The task:
The pictures stay out. Please retype every line below exactly.

** Opening Information supplied block **

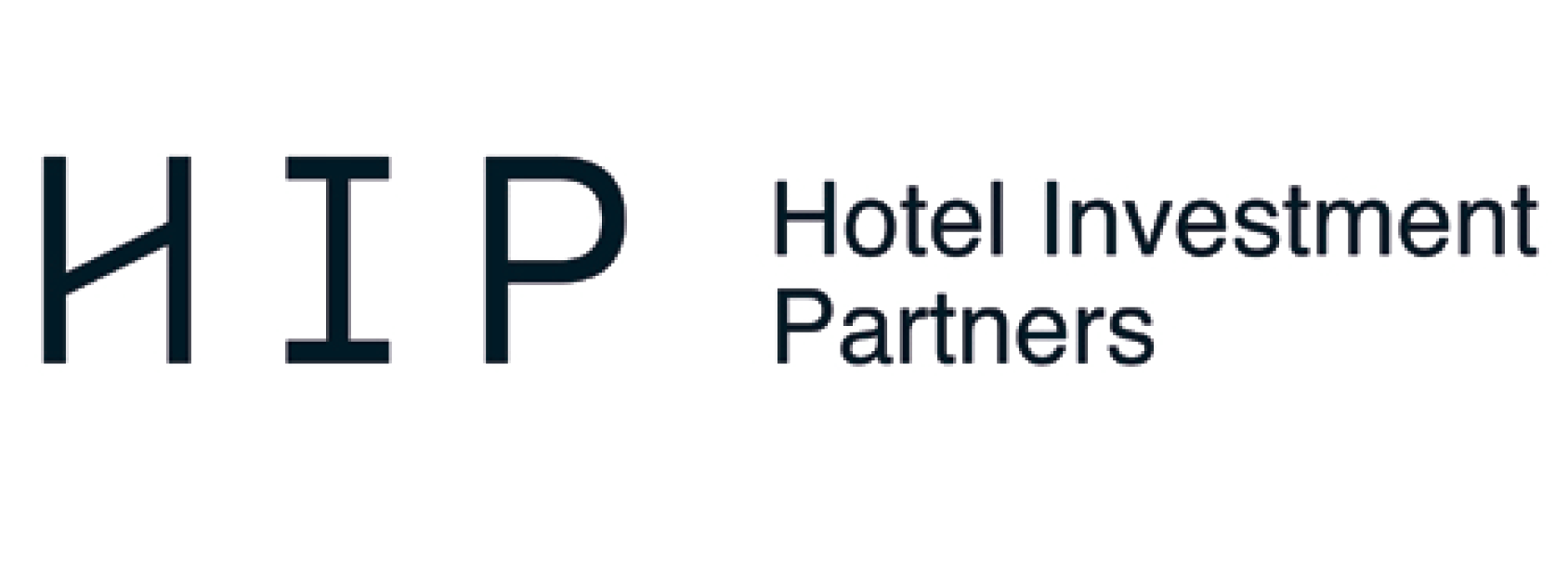 HIP Logo2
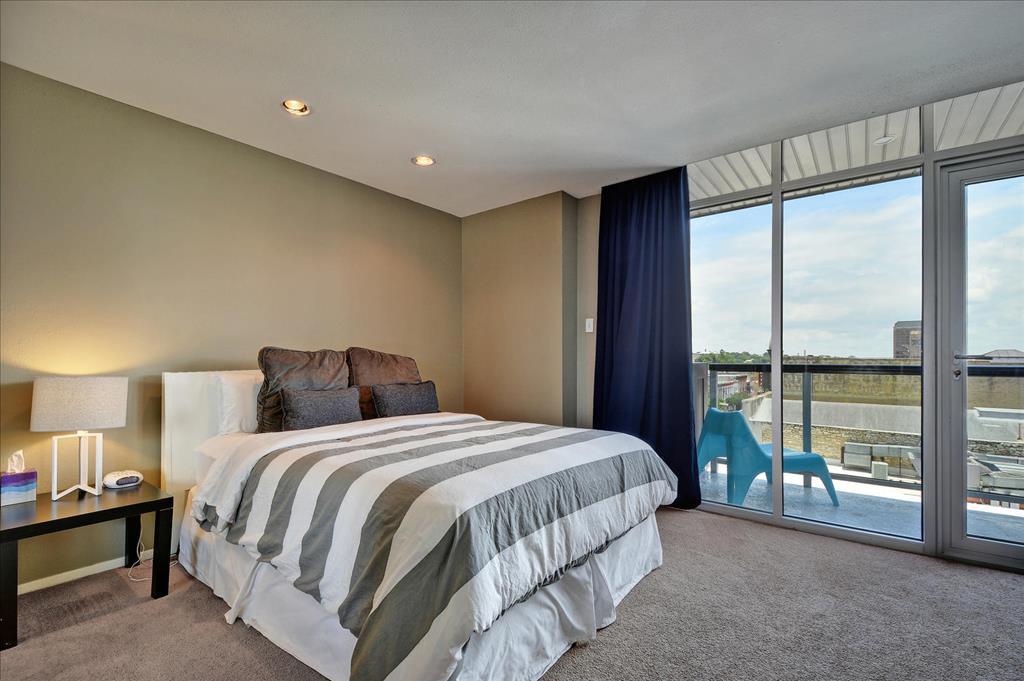Littlefield Lofts #502 - thumb 2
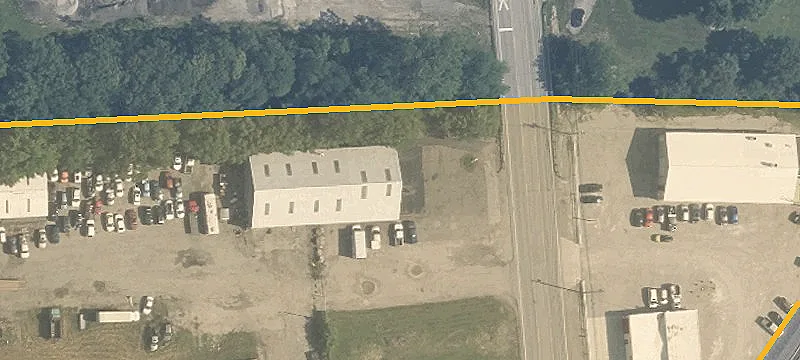 1465 Main St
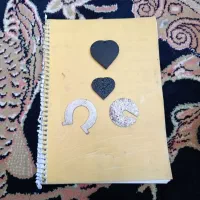 دفتر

** Closing Information supplied block **

Expected answer:
 HIP Logo2
Littlefield Lofts #502 - thumb 2
 1465 Main St
 دفتر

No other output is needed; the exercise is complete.